« Vivre, c’est conjuguer sans arrêt tous les âges de la vie en soi-même », selon le sociologue Edgar Morin. Pour cette série estivale, La Presse a demandé à de jeunes créateurs quelle personnalité d’une autre génération ils aimeraient rencontrer. Pour discuter de leur expérience de travail, des secrets pour durer, des pièges à éviter dans le métier. Aujourd’hui, Kevin Lambert discute avec René Richard Cyr.

Étudiant au doctorat en création littéraire à l’Université de Montréal, Kevin Lambert a écrit Querelle de Roberval, un roman qui a connu un énorme succès, tant au Québec qu’en France. Le romancier de 28 ans a eu envie de parler à René Richard Cyr (qui a célébré ses 40 ans de carrière l’an dernier), parce que le comédien et metteur en scène est ouvertement gai et que la transmission dans le cadre de la communauté LGBTQ+ est un sujet qui l’intéresse.

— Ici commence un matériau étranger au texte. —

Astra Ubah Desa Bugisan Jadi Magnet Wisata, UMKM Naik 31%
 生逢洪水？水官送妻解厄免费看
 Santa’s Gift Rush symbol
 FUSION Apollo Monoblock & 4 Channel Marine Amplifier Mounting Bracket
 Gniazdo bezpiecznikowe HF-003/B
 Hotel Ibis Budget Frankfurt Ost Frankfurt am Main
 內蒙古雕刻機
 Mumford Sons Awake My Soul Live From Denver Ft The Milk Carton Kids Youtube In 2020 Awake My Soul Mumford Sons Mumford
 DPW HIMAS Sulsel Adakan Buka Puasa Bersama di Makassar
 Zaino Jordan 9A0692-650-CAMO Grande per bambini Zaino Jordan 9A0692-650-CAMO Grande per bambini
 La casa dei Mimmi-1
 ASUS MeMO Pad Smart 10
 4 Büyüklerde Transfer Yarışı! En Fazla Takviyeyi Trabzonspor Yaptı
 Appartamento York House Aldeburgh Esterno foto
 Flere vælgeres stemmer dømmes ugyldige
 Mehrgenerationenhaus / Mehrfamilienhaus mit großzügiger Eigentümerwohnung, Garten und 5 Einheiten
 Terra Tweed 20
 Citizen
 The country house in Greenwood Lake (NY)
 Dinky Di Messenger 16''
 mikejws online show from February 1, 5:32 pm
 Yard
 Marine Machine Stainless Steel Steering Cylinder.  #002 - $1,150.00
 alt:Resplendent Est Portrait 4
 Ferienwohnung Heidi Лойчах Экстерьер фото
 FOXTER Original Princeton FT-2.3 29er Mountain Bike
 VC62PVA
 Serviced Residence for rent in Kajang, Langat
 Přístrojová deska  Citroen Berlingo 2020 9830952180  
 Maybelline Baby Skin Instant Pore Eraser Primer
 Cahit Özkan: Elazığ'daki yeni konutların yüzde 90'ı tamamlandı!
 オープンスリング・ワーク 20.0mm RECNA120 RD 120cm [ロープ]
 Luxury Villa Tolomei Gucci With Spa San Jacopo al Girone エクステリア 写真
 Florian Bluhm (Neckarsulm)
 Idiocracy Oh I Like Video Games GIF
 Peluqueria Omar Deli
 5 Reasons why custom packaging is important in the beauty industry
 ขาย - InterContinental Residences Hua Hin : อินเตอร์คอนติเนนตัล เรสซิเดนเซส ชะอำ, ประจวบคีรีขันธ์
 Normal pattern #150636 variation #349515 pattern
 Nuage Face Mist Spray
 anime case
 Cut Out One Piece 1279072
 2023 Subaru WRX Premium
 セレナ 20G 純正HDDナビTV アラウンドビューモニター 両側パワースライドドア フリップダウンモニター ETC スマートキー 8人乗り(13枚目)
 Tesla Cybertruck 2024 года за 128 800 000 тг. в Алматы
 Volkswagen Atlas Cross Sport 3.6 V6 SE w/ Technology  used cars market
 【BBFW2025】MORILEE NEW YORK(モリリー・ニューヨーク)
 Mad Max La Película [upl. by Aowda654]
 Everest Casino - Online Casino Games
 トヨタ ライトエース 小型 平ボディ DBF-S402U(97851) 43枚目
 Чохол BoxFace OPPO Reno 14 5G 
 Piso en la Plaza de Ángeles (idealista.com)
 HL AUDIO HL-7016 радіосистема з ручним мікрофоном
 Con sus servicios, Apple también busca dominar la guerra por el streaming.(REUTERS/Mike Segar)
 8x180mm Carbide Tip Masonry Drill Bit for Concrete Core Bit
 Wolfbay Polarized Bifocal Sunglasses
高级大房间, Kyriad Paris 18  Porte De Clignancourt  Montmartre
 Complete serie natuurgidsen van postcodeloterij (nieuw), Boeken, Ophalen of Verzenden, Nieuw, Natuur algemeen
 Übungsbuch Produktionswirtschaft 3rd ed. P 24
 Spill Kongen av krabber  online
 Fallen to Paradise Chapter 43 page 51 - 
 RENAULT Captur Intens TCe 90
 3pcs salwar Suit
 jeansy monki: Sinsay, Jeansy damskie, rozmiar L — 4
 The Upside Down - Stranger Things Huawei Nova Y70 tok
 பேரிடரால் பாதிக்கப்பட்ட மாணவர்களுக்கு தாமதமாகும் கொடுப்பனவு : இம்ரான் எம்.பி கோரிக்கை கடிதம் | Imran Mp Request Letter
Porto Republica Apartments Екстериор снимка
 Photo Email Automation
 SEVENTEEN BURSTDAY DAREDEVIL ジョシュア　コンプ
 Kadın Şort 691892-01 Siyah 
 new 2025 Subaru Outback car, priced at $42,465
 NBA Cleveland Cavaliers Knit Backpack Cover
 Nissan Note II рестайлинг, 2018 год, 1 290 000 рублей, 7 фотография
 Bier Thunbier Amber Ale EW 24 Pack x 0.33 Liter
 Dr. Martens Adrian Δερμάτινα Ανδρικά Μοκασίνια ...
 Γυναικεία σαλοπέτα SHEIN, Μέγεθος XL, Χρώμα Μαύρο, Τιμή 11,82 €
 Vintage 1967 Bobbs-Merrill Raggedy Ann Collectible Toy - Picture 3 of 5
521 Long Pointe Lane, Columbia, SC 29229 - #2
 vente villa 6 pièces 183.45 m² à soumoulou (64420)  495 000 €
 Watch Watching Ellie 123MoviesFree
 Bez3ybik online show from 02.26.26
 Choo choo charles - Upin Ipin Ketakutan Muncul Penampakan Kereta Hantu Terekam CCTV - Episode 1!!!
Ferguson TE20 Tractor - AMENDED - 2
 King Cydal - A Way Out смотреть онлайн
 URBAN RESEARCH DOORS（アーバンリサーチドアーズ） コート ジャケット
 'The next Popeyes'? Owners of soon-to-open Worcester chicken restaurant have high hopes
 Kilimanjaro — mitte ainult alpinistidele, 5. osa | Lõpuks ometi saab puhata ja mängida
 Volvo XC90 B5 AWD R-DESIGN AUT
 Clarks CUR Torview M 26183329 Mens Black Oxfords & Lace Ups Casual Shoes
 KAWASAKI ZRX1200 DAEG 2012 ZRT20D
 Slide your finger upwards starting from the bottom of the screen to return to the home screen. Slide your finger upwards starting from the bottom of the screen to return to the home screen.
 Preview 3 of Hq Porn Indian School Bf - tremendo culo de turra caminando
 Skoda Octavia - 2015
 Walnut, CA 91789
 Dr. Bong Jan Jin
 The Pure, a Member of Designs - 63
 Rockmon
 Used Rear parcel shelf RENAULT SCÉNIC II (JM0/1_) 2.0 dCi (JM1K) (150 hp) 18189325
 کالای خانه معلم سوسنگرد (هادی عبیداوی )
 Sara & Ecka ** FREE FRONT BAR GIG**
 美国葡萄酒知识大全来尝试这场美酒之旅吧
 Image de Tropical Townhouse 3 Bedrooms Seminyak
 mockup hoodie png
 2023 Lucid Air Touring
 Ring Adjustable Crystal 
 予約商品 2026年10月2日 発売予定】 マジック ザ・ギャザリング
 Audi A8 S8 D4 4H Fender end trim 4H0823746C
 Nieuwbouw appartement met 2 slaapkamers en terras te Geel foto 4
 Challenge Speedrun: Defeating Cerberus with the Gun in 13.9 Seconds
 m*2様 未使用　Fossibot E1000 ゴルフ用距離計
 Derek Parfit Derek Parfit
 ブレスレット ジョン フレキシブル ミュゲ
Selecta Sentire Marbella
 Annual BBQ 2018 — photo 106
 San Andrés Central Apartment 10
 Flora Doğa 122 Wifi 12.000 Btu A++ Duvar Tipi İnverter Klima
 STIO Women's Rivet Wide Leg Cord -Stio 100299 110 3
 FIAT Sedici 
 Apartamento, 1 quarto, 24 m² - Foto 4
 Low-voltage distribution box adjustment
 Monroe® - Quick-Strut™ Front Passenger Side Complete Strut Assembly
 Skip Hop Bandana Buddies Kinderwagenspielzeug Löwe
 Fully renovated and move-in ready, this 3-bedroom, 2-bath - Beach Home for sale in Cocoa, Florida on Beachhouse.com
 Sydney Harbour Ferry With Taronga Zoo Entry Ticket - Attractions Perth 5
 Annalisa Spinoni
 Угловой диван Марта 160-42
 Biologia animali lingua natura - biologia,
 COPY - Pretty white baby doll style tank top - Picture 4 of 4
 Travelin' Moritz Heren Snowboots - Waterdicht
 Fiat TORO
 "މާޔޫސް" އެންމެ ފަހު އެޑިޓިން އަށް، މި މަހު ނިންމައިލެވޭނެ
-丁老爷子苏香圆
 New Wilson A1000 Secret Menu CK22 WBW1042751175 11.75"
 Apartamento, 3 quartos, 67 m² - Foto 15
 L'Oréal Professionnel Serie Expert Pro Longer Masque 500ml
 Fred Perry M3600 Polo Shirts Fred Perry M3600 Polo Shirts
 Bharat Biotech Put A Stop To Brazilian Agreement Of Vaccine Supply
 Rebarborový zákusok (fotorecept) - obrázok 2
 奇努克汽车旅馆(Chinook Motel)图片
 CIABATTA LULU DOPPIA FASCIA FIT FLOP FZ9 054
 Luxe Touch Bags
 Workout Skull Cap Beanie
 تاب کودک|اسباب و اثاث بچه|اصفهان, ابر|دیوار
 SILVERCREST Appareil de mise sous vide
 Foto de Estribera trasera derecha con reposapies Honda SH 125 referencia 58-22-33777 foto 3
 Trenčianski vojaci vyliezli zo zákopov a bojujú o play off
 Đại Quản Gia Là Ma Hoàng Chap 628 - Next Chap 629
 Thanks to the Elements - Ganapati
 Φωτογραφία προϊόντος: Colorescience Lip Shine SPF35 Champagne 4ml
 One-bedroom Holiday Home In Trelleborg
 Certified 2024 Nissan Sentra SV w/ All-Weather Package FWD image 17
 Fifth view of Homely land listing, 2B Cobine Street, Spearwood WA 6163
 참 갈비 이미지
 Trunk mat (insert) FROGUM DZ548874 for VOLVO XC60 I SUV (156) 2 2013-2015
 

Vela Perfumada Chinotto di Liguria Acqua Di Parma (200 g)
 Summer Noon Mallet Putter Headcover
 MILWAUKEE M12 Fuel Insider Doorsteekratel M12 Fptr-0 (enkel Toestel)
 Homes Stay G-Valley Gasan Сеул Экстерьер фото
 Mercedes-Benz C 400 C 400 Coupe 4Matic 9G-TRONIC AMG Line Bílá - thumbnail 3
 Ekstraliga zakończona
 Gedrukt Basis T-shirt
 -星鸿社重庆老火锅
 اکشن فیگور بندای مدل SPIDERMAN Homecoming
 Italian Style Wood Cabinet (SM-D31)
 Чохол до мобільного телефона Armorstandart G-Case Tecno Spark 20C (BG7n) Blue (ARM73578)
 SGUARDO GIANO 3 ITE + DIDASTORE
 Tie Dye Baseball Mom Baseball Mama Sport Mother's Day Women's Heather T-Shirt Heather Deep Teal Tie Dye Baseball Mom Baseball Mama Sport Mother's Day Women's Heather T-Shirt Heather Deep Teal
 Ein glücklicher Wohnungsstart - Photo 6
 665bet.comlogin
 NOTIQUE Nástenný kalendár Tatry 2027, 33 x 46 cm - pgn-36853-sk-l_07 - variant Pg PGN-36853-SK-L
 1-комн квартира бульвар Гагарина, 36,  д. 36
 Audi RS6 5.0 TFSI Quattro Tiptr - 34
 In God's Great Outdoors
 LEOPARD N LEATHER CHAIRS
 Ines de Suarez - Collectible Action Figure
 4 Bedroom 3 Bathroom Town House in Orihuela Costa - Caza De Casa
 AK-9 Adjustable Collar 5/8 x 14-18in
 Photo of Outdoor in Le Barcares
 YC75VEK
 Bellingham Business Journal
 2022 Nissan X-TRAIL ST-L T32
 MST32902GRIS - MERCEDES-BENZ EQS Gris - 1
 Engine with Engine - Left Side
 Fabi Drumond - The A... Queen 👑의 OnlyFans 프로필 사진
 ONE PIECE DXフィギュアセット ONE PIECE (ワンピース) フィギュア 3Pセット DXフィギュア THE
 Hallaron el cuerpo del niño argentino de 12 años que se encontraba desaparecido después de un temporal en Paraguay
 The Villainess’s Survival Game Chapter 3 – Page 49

René Richard Cyr : L’idée de transmission est aussi importante pour moi, Kevin. Je dis souvent qu’au lieu d’avoir des enfants, je fais des spectacles. En espérant pouvoir transmettre ce que j’ai appris aux générations plus jeunes. Je pense qu’à notre époque, le passé a un peu perdu ses lettres de noblesse. J’aimerais bien monter au théâtre Racine, Claudel, mais on trouve ça trop ancien. Or, à mon avis, il y a un grave danger à refuser de connaître le passé. En même temps, je comprends très bien que les jeunes soient davantage préoccupés par le présent et par l’avenir. Si j’avais 20 ans, je n’aurais peut-être pas l’impulsion de regarder en arrière…

PHOTO OLIVIER JEAN, LA PRESSE

René Richard Cyr

Kevin Lambert : Pourtant, il devrait y avoir de la place pour tout. Une société doit se nourrir de l’ancien et du nouveau. Je n’aurais pas pu écrire Querelle de Roberval s’il n’y avait pas eu des écrivains comme [Michel] Tremblay et [Michel Marc] Bouchard pour ouvrir le chemin. D’ailleurs, j’ai découvert Jean Genet grâce à ta mise en scène du Balcon au TNM, en 2013. Cinq ans plus tard, j’ai écrit Querelle, dont le personnage central est inspiré de Querelle de Brest de Genet.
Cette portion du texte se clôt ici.